**Problem requirements:** The response should be an exact transcription of the data below, free of images.

**Dataset content:**
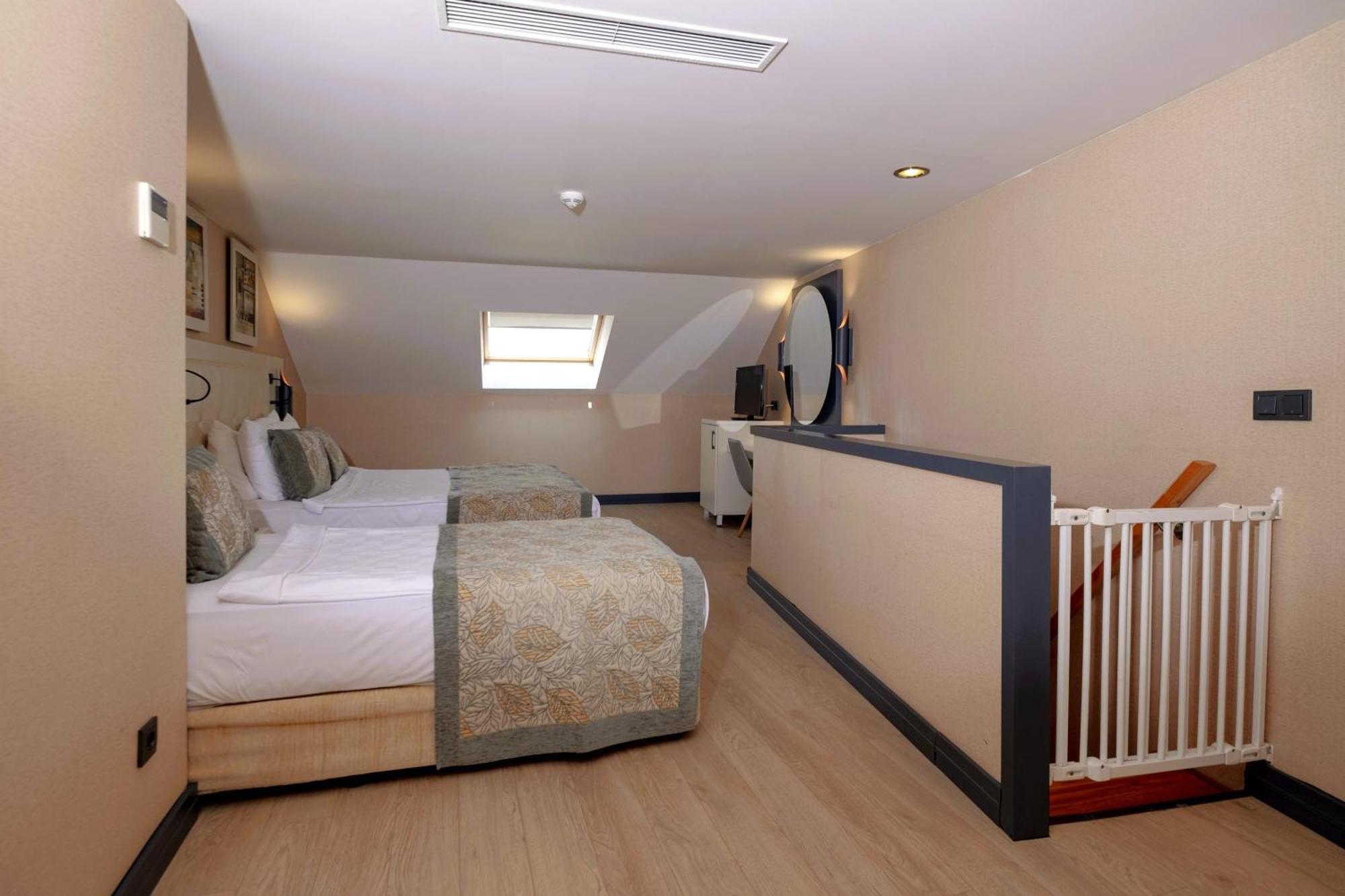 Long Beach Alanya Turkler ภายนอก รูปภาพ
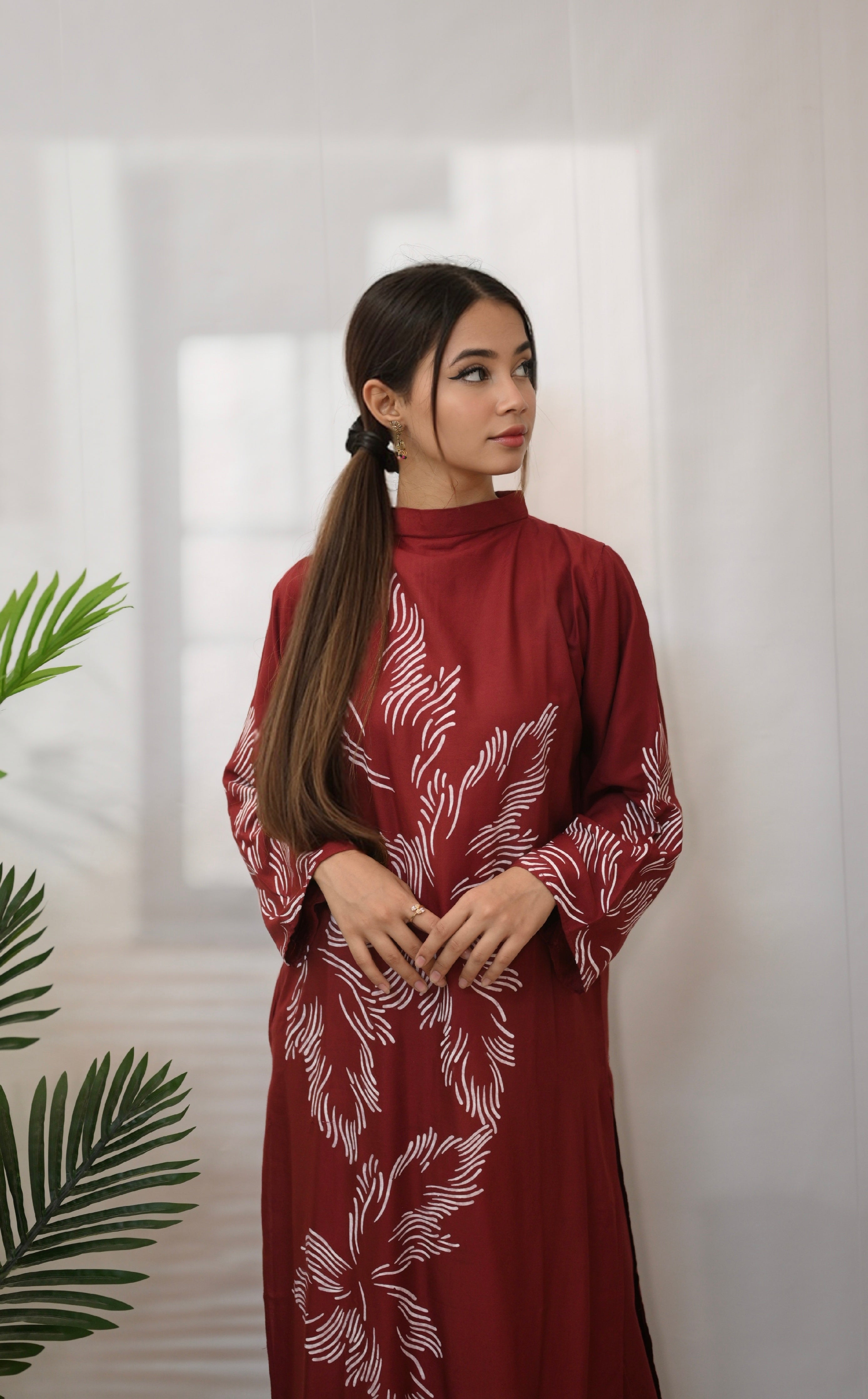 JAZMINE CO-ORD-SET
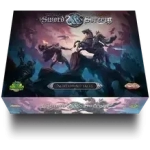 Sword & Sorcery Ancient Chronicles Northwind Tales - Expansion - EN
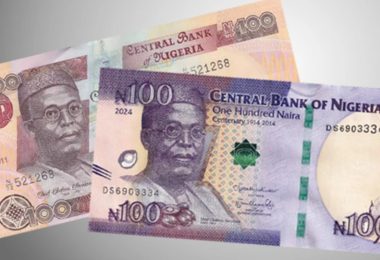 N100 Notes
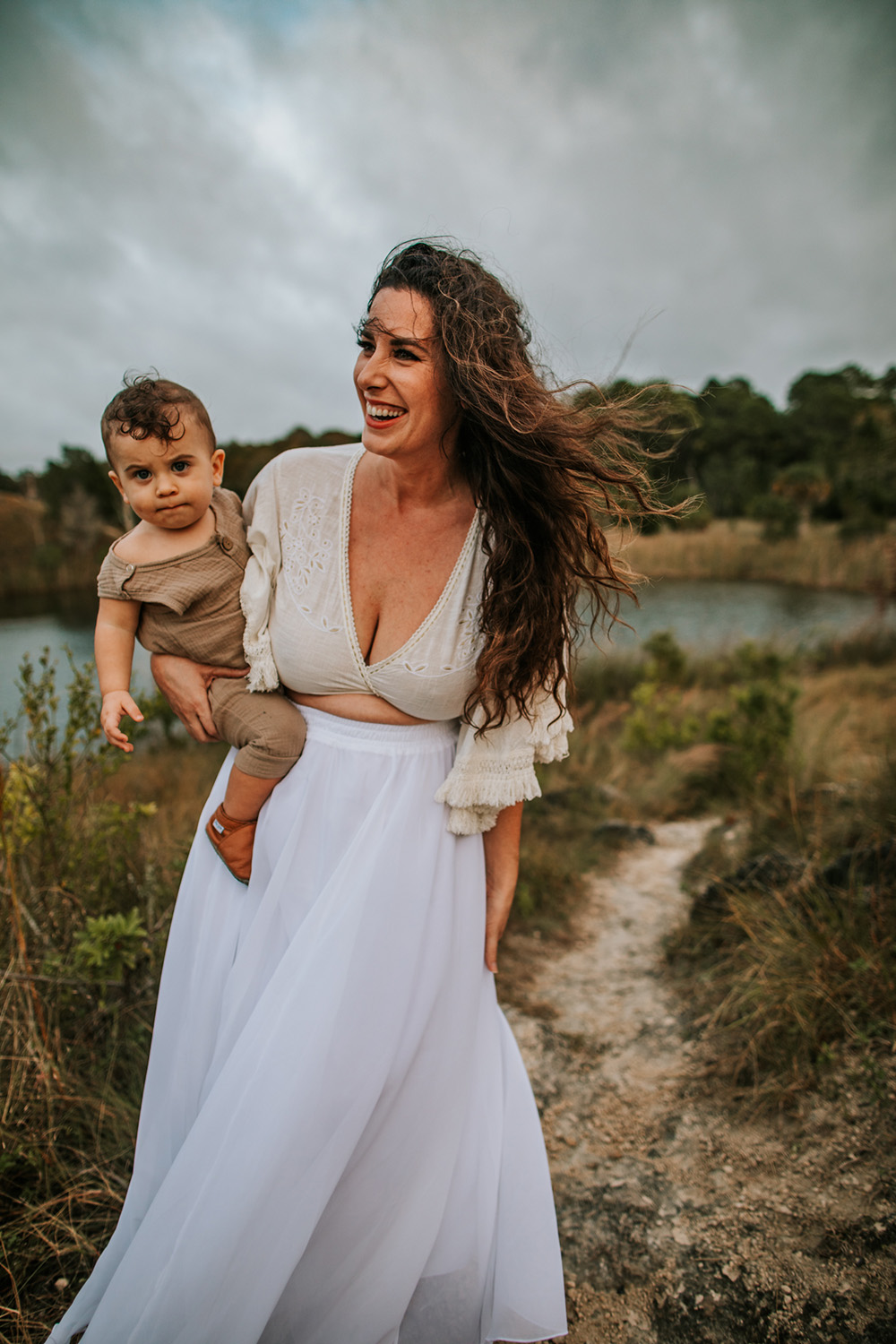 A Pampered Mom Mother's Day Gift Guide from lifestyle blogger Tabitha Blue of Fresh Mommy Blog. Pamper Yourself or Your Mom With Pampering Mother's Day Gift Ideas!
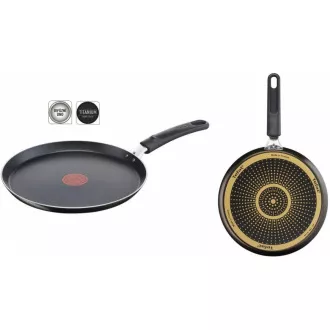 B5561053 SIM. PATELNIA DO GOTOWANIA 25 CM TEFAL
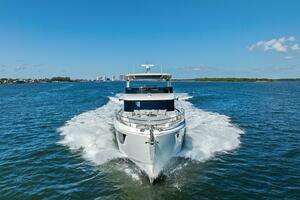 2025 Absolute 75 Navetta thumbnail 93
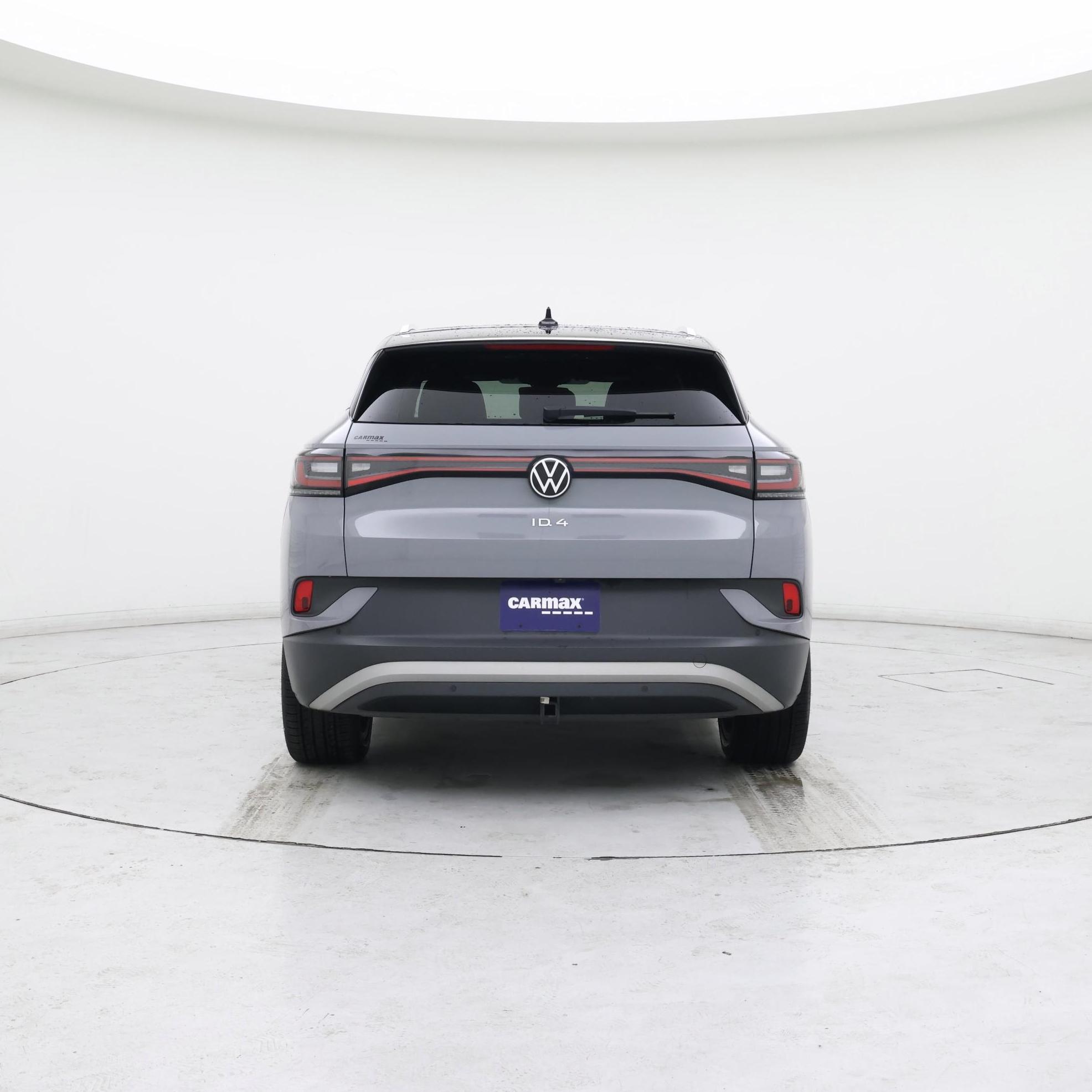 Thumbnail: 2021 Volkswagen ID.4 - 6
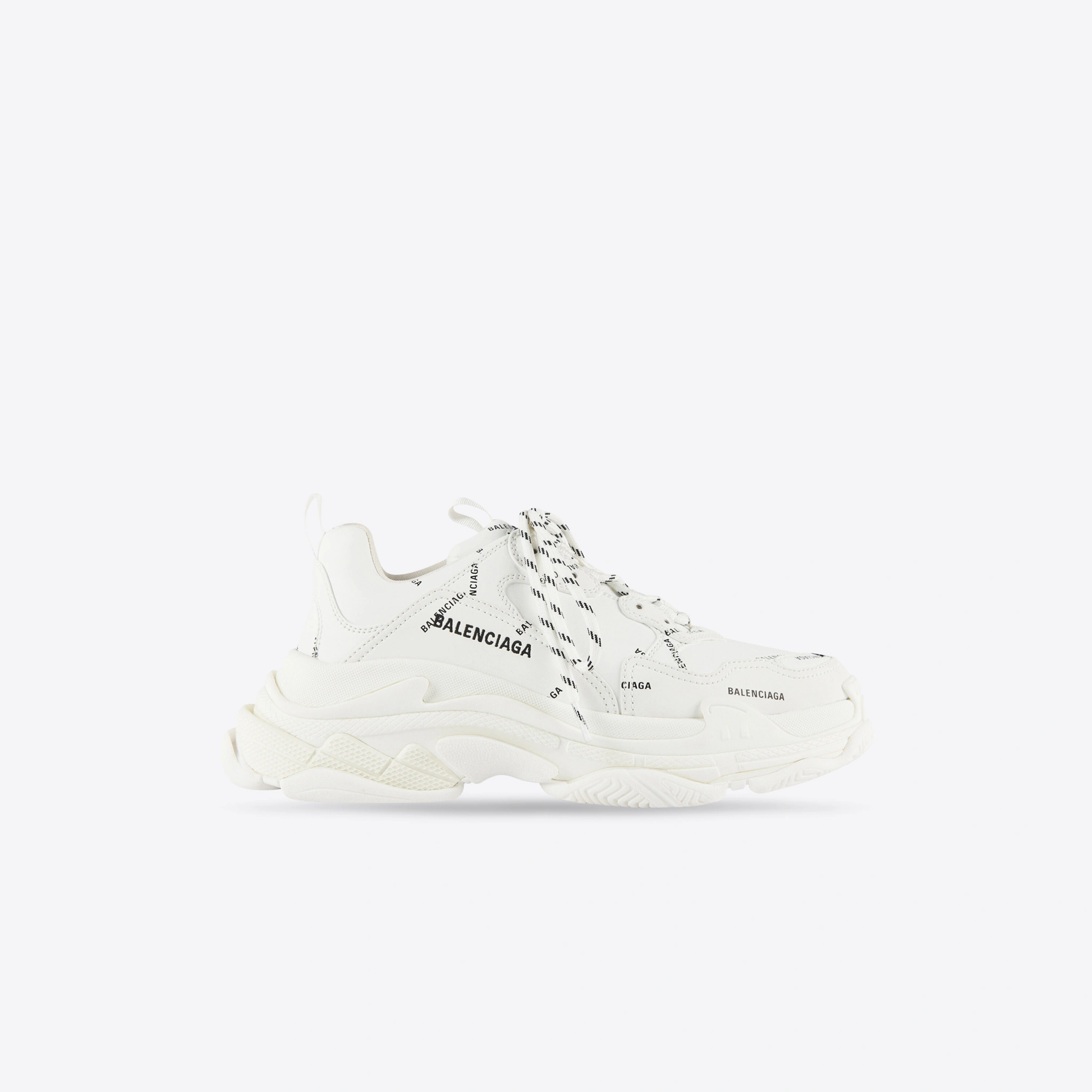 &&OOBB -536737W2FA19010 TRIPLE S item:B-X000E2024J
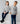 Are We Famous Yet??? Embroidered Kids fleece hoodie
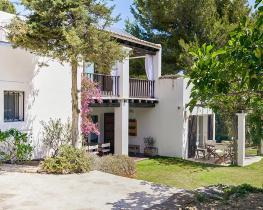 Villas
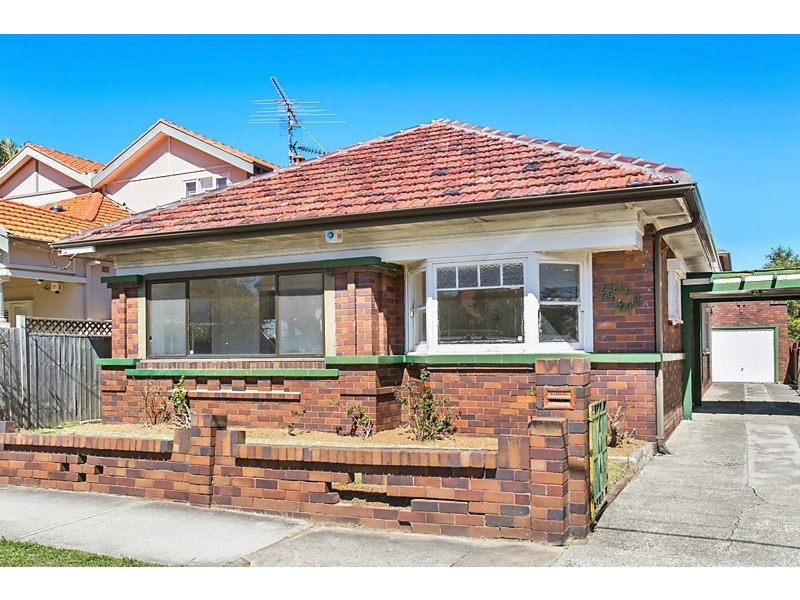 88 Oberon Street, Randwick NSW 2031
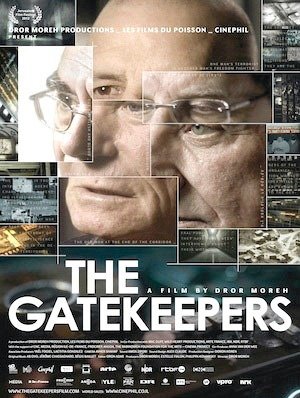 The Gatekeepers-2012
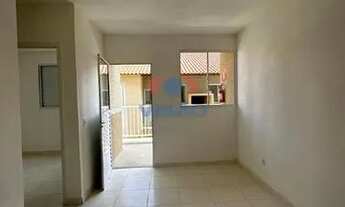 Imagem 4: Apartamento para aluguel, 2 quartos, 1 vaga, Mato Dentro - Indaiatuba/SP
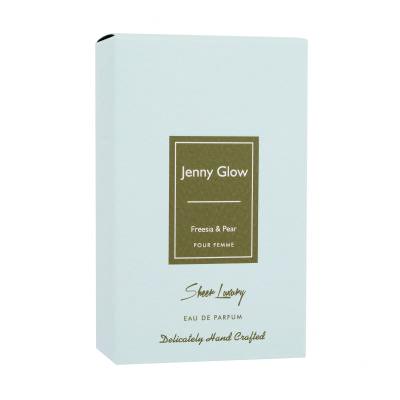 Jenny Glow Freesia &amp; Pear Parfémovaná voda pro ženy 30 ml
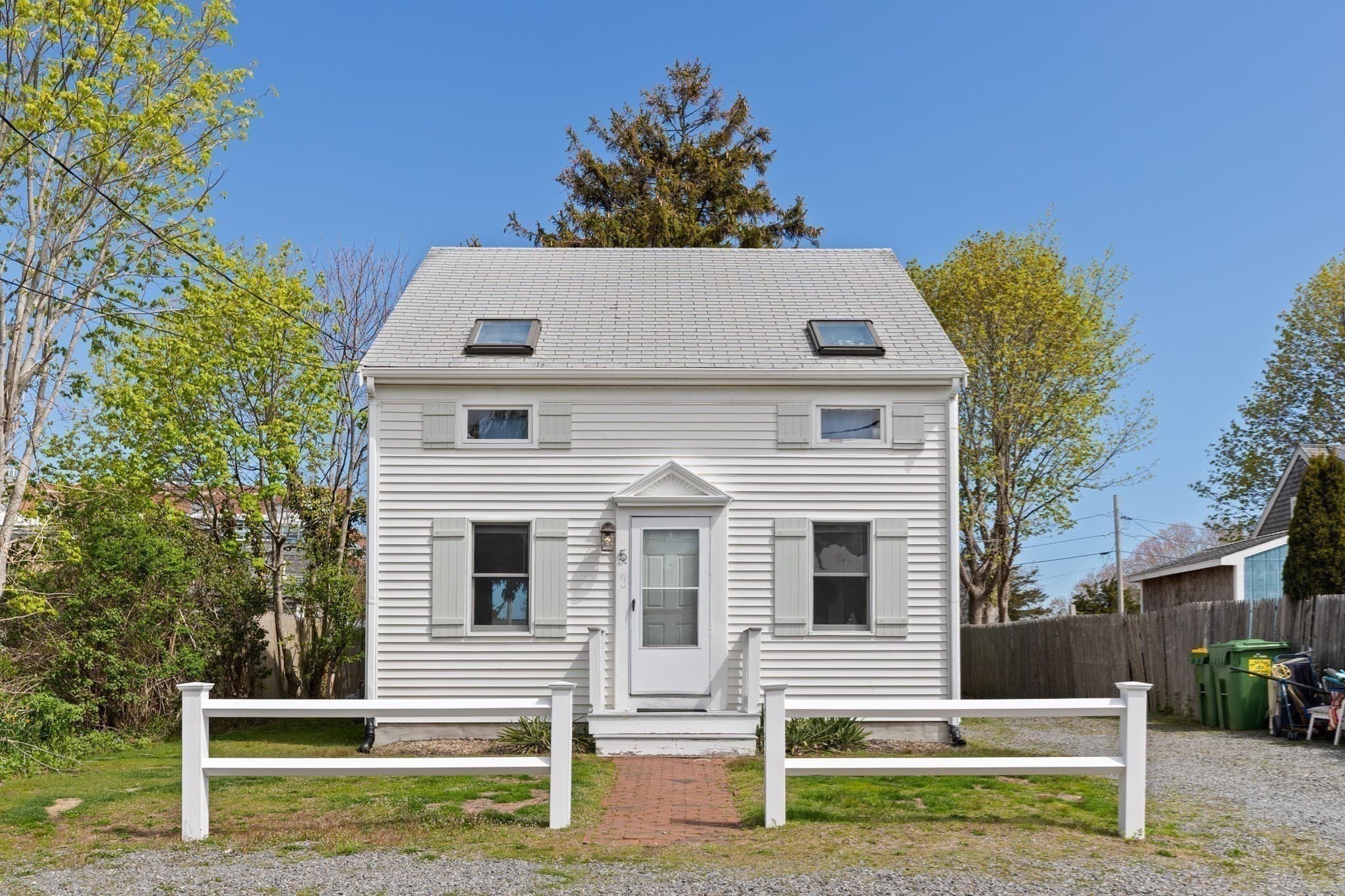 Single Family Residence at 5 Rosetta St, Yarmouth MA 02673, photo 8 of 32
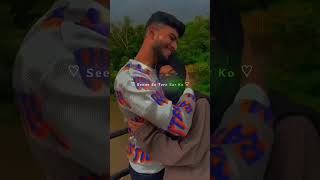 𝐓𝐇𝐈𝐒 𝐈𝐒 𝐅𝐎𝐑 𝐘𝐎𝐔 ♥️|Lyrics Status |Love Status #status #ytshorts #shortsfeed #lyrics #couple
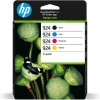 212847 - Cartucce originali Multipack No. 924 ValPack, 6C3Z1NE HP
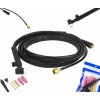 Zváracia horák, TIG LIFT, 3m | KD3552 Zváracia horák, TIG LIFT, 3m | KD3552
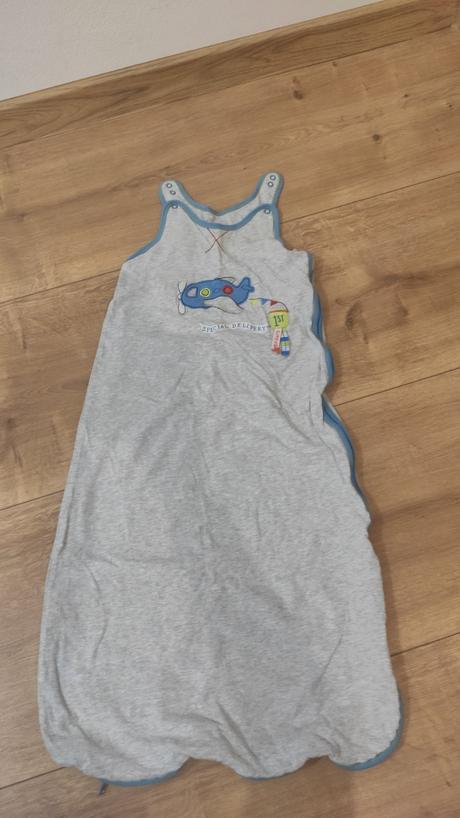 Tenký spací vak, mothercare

**Written solution:**
 Long Beach Alanya Turkler ภายนอก รูปภาพ
 JAZMINE CO-ORD-SET
 Sword & Sorcery Ancient Chronicles Northwind Tales - Expansion - EN
 N100 Notes
 A Pampered Mom Mother's Day Gift Guide from lifestyle blogger Tabitha Blue of Fresh Mommy Blog. Pamper Yourself or Your Mom With Pampering Mother's Day Gift Ideas!
 B5561053 SIM. PATELNIA DO GOTOWANIA 25 CM TEFAL
 2025 Absolute 75 Navetta thumbnail 93
 Thumbnail: 2021 Volkswagen ID.4 - 6
 &&OOBB -536737W2FA19010 TRIPLE S item:B-X000E2024J
 Are We Famous Yet??? Embroidered Kids fleece hoodie
 Villas
 88 Oberon Street, Randwick NSW 2031
 The Gatekeepers-2012
 Imagem 4: Apartamento para aluguel, 2 quartos, 1 vaga, Mato Dentro - Indaiatuba/SP
 Jenny Glow Freesia &amp; Pear Parfémovaná voda pro ženy 30 ml
 Single Family Residence at 5 Rosetta St, Yarmouth MA 02673, photo 8 of 32
 𝐓𝐇𝐈𝐒 𝐈𝐒 𝐅𝐎𝐑 𝐘𝐎𝐔 ♥️|Lyrics Status |Love Status #status #ytshorts #shortsfeed #lyrics #couple
 212847 - Cartucce originali Multipack No. 924 ValPack, 6C3Z1NE HP
 Zváracia horák, TIG LIFT, 3m | KD3552 Zváracia horák, TIG LIFT, 3m | KD3552
 Tenký spací vak, mothercare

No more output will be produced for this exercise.